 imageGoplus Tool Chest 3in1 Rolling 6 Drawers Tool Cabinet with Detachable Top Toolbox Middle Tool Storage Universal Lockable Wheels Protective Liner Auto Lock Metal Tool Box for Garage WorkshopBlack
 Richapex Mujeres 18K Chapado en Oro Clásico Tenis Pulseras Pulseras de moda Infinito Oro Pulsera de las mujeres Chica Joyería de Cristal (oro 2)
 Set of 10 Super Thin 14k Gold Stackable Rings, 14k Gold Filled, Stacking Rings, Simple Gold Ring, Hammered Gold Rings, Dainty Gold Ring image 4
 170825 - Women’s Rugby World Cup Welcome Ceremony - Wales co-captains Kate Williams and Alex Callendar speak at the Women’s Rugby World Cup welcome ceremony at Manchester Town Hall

============================================================

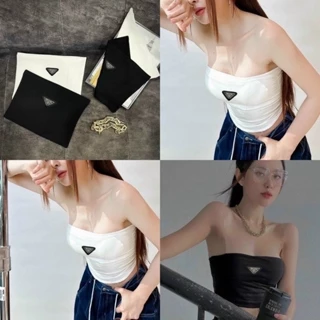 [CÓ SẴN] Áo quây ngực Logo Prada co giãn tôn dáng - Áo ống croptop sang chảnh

============================================================

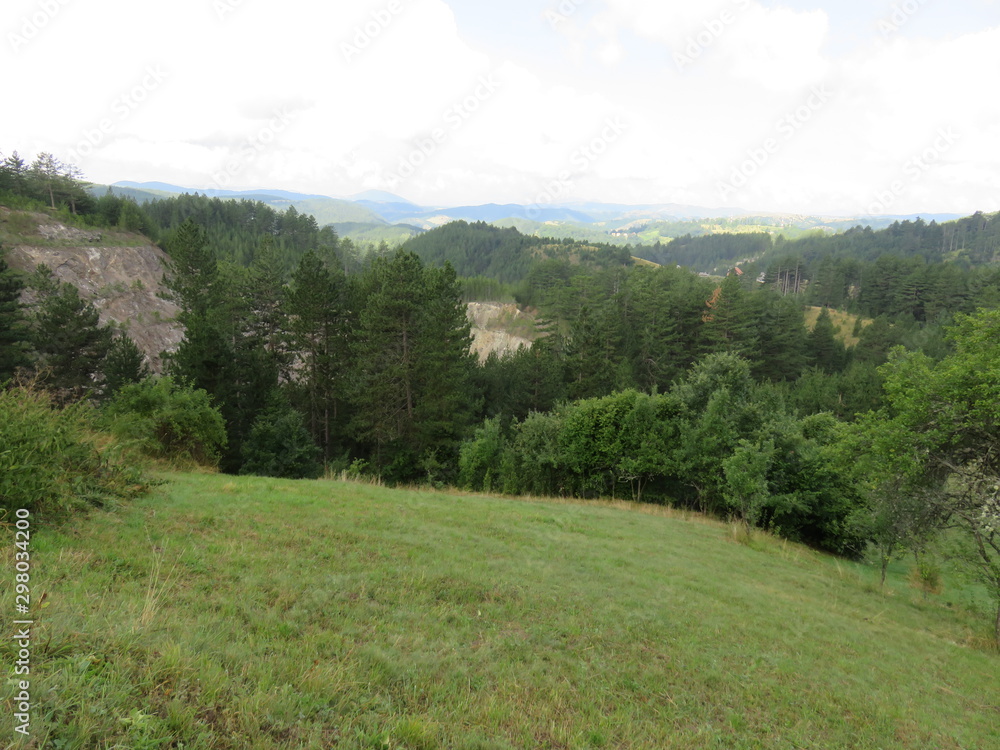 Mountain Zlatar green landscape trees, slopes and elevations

============================================================

WHAT YOU ARE ASKED TO DO: Among the entries above, copy exactly only the lines starting with the one containing "imageGoplus Tool Chest" and going through the one containing "170825 - Women’s", both ends included.

ANSWER FOR THE TASK:
 imageGoplus Tool Chest 3in1 Rolling 6 Drawers Tool Cabinet with Detachable Top Toolbox Middle Tool Storage Universal Lockable Wheels Protective Liner Auto Lock Metal Tool Box for Garage WorkshopBlack
 Richapex Mujeres 18K Chapado en Oro Clásico Tenis Pulseras Pulseras de moda Infinito Oro Pulsera de las mujeres Chica Joyería de Cristal (oro 2)
 Set of 10 Super Thin 14k Gold Stackable Rings, 14k Gold Filled, Stacking Rings, Simple Gold Ring, Hammered Gold Rings, Dainty Gold Ring image 4
 170825 - Women’s Rugby World Cup Welcome Ceremony - Wales co-captains Kate Williams and Alex Callendar speak at the Women’s Rugby World Cup welcome ceremony at Manchester Town Hall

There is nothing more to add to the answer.